**What is required:** Would you please retype, exactly, the lines of the listing below between the line with "Johannes Bierman - Verklaringe" and the line with "10 Stärken, die", inclusive?

**Records shown:**
★ ★ ★ ★ ★

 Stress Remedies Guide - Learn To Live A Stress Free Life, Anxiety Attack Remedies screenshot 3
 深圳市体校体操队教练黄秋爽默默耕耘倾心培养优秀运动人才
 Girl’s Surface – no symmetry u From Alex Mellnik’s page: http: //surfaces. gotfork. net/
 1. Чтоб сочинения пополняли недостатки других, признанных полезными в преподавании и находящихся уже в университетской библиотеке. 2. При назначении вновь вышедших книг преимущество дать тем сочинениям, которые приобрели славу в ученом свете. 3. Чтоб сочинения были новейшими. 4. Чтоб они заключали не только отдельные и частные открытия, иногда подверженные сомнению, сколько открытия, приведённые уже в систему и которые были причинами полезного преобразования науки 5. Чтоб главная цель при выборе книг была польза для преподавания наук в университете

★ ★ ★ ★ ★

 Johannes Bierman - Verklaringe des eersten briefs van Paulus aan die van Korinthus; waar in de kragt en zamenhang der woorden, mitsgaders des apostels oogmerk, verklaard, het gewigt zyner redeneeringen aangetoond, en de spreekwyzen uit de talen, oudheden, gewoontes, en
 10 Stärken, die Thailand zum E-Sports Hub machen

★ ★ ★ ★ ★

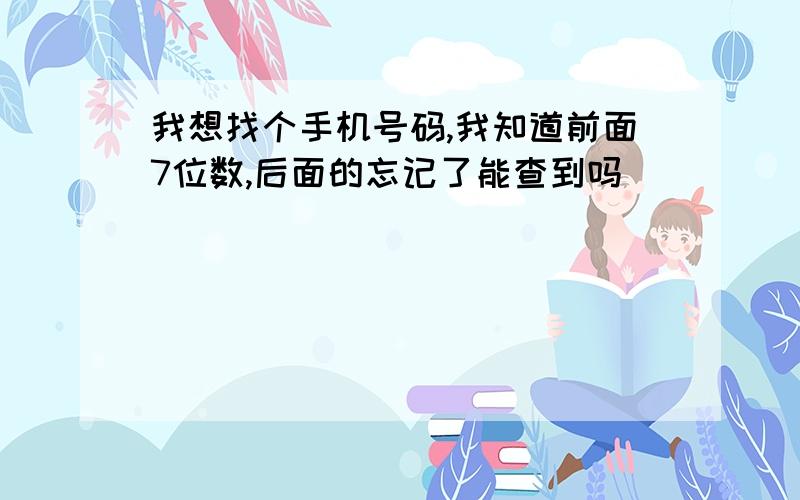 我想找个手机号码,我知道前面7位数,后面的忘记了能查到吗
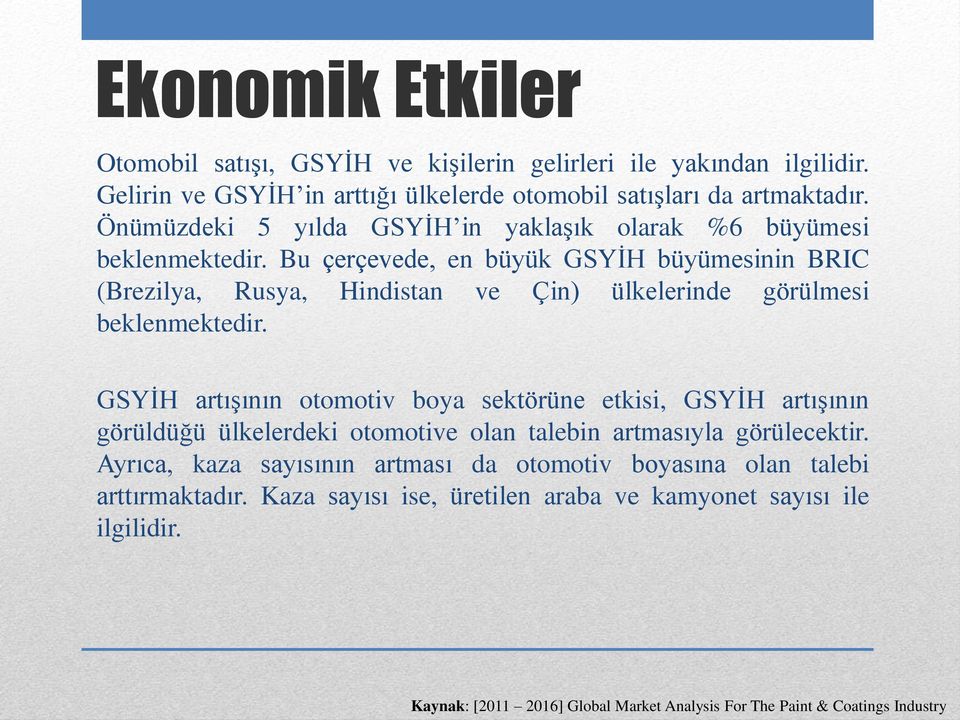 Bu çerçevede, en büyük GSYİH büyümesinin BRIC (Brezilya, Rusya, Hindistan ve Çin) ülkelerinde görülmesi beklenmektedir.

★ ★ ★ ★ ★

**Exercise output:**
 Johannes Bierman - Verklaringe des eersten briefs van Paulus aan die van Korinthus; waar in de kragt en zamenhang der woorden, mitsgaders des apostels oogmerk, verklaard, het gewigt zyner redeneeringen aangetoond, en de spreekwyzen uit de talen, oudheden, gewoontes, en
 10 Stärken, die Thailand zum E-Sports Hub machen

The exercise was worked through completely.